В ответ она кивнула с легким упреком и пригласила меня в дом. Опустившись на великолепно сохранившееся бидемайеровское канапе, она жестом велела мне занять мое старое место на маленьком диванчике эпохи одного из Людовиков. Я же, извиняясь, продолжал:
— Понимаю, вы можете счесть это предательством по отношению к нашему прошлому проекту. Но вы, наверное, согласитесь, что то, что я отыскал в берлинском антикварном магазинчике, или исключительно хорошо сработанная и тщательная подделка, или уникальная находка. Латинская рукопись первого века нашей эры.
— Скорее всего первое. В конце концов, как могло такое сокровище уцелеть в антикварной лавке Берлина, где ходят толпы коллекционеров? А какова тема рукописи?
Я смущенно объяснил, что не изучил как следует текст, отчасти потому, что не смог разобрать древнего письма, и в этом причина моего визита.
— Гм, — отозвалась она. — Дайте посмотреть.
Достав из портфеля сверток, я извлек из-под стекла оба свитка. Профессор взяла их, положила на низенький столик и, даже не надев очки (разумеется, она-то в них не нуждалась), сразу начала читать. Некоторое время спустя она подняла глаза и возмущенно заявила:
— Острова под названием Тесал в Римской империи не существовало. Это подделка.
— А вы не могли бы мне перевести хотя бы часть, профессор? — пристыженно попросил я.
Она снова бросила на меня проницательный взгляд.

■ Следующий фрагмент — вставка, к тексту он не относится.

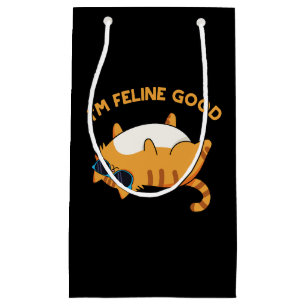 Ich bin Feline Good Funny Fat Cat Pun Dark BG Kleine Geschenktüte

— Вы хотите сказать, что даже столь простой текст вам уже не по зубам?
С упреком покачав головой, она вернулась к свитку и начала — умело и бегло — переводить, произнося слова тем самым густым, сочным голосом, который я так хорошо помнил. Но это была не поэзия. Пока она продолжала, без усилий переводя с листа, вошла ее старая экономка с подносом, на котором стояли кофейный сервиз и ваза с печеньем. Я воспользовался этой возможностью, чтобы достать писчую бумагу и ручку, которые привез с собой, и попросил профессора надиктовать мне текст.
Через час мы закончили. Я не знал, что и думать.
— Ну? — многозначительно произнесла она. — Что скажете теперь?
Не зная, что она имеет в виду, я мгновение спустя решился осторожно высказаться:
— Определенно любопытно. Разумеется, крайне прискорбно, что середина отсутствует, но, как я вам говорил, герр Райманн нечаянно ее уничтожил…
С чем-то сродни грустной насмешке во взгляде голубых глаз она спросила:
— Вы не слишком сильны в литературе, верно?
Пришлось признаться, что я немало забыл.
— Но ведь я многое помню. Лукреций: «De rerum natura, Aenis, Ars».[124]
— Я говорю не о римской литературе, — прервала она и, снова помедлив, вынесла свой приговор: — Очевидная подделка. Написана на великолепной латыни, но тем не менее — подделка.
Я был раздавлен. Я не сомневался в ее правоте и тем не менее не мог выбросить свитки из головы и по дороге домой раз за разом перебирал длинный перечень оставшихся без ответов вопросов.
Кто такой Гельмут Шеллендорф? Как к нему попала эта поддельная рукопись и почему он продал ее герру Райманну? Не могли он быть каким-нибудь старым ученым-латинистом, живущим на жалкую мизерную пенсию и решившим поправить положение, распродав никчемное имущество? Или, обладая глубоким знанием латыни, он изготовил этот текст как своего рода шараду? Но над кем же он хотел подшутить? Может, просто продать как диковину? Или это было настоящее мошенничество? Если так, то успеха оно не имело: герр Райманн едва ли много за нее заплатил, даже если (как он сказал) купил ее давным-давно и уже не помнит продавца.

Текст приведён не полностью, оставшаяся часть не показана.